* TASK GOAL
Below this line are records; write out exactly the lines from the one containing "SKALO Samsung Z" through the one containing "cooking colorful cake", with the pictures left out.

* DATA SUPPLIED
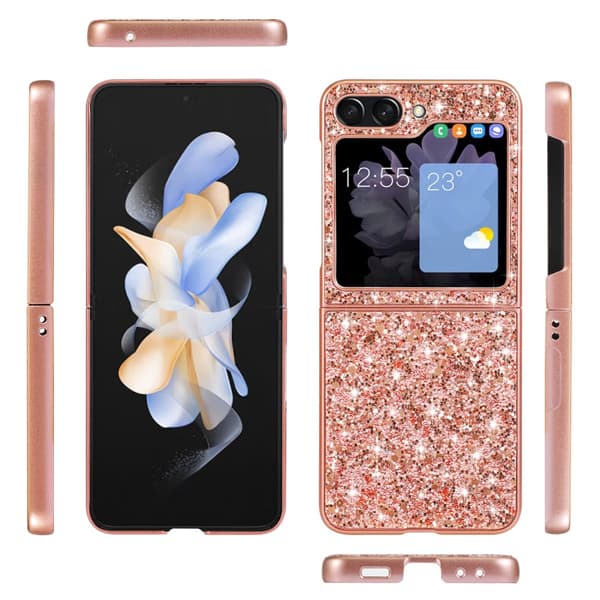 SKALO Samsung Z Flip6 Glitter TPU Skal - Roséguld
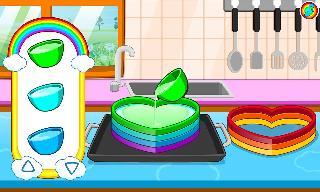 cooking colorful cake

==

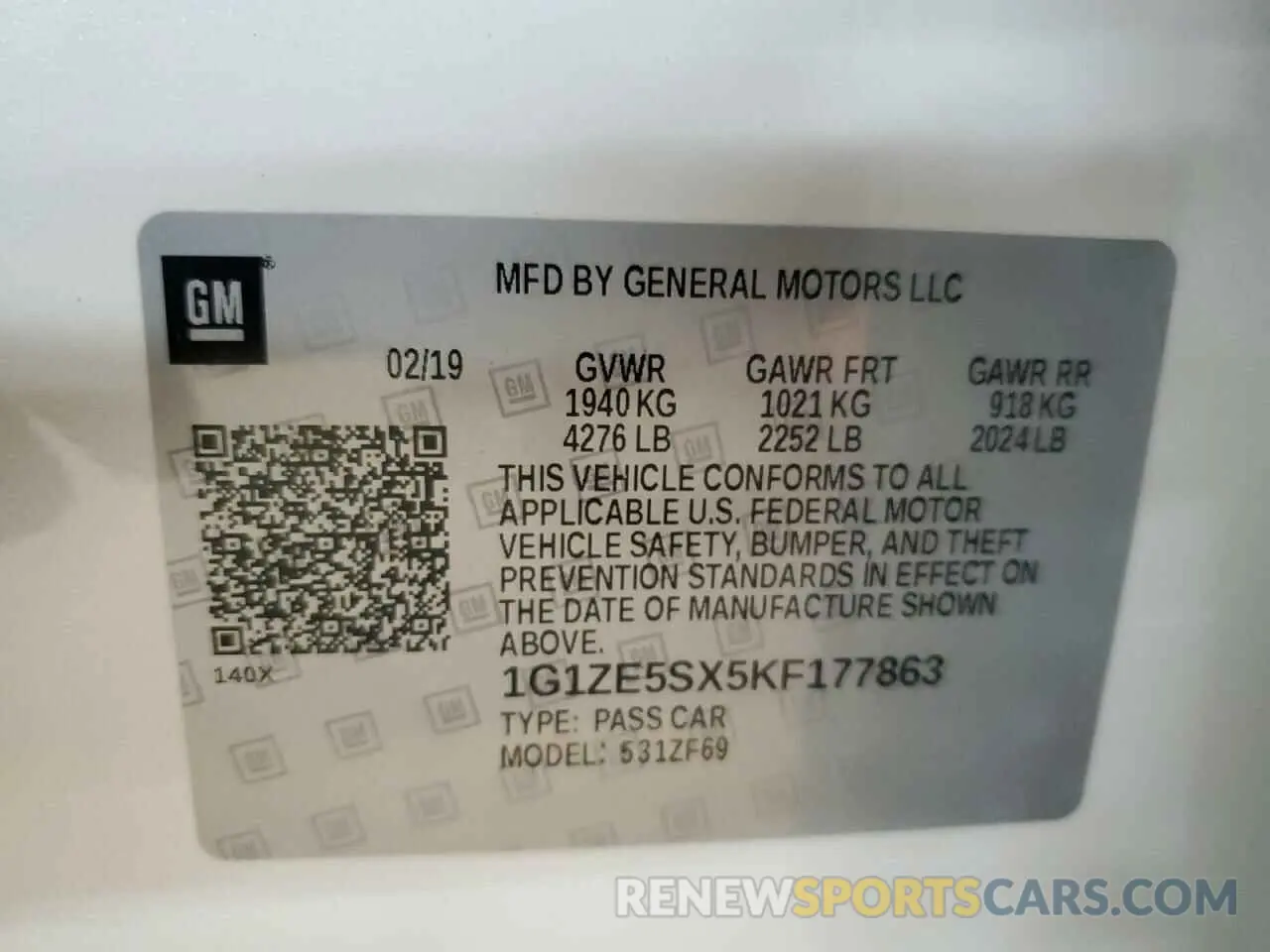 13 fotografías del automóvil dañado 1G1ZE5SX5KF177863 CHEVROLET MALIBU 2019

* RESULT OF THIS EXERCISE
 SKALO Samsung Z Flip6 Glitter TPU Skal - Roséguld
 cooking colorful cake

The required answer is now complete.